§ Exercise brief
Scan the data for "Used" and copy each matching line.

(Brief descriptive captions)

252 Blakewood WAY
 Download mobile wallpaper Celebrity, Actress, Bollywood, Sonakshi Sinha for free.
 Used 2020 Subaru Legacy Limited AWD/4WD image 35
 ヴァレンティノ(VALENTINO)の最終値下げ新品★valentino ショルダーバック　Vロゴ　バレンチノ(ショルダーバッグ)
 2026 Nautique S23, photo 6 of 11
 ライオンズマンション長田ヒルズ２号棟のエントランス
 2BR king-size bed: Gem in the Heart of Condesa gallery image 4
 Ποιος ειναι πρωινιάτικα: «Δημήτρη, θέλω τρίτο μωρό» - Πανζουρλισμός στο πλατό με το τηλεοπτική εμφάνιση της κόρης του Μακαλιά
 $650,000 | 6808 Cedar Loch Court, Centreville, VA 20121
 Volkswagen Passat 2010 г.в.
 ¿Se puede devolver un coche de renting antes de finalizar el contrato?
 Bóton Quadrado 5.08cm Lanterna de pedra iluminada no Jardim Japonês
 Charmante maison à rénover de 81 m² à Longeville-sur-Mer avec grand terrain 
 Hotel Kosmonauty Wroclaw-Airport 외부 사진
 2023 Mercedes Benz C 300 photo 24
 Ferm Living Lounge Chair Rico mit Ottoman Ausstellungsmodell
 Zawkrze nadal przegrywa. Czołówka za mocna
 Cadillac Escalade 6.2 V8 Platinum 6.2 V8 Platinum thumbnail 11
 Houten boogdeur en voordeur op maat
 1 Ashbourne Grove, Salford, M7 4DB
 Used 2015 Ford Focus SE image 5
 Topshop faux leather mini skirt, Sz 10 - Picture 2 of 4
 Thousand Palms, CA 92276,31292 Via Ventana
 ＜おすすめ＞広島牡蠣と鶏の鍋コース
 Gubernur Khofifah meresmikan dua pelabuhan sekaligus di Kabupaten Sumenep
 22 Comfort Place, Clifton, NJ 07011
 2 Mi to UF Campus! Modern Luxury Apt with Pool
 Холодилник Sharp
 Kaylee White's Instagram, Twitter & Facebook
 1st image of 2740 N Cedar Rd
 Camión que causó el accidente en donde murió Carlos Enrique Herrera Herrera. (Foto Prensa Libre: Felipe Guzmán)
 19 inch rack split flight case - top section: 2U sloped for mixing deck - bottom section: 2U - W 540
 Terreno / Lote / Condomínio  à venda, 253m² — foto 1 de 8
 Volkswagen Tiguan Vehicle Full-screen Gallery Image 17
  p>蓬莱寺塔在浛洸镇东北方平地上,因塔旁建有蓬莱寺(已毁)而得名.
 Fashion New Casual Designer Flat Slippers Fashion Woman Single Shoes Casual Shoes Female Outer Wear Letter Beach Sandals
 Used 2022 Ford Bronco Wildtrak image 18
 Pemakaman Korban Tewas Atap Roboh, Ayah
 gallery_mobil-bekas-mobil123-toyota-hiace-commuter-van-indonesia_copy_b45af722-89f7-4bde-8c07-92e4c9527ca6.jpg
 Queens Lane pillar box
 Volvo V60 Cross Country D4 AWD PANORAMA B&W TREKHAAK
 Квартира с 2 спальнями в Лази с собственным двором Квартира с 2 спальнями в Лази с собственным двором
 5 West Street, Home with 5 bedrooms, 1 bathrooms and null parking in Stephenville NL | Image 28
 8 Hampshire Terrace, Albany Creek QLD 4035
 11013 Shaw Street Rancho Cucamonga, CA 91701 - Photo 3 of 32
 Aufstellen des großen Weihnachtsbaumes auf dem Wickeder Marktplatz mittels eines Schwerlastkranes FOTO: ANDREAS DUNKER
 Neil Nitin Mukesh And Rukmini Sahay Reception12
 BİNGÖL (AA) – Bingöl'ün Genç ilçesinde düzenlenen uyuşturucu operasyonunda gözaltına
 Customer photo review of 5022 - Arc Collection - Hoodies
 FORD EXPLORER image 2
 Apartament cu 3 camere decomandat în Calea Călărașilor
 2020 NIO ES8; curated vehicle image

§ Exercise result
 Used 2020 Subaru Legacy Limited AWD/4WD image 35
 Used 2015 Ford Focus SE image 5
 Used 2022 Ford Bronco Wildtrak image 18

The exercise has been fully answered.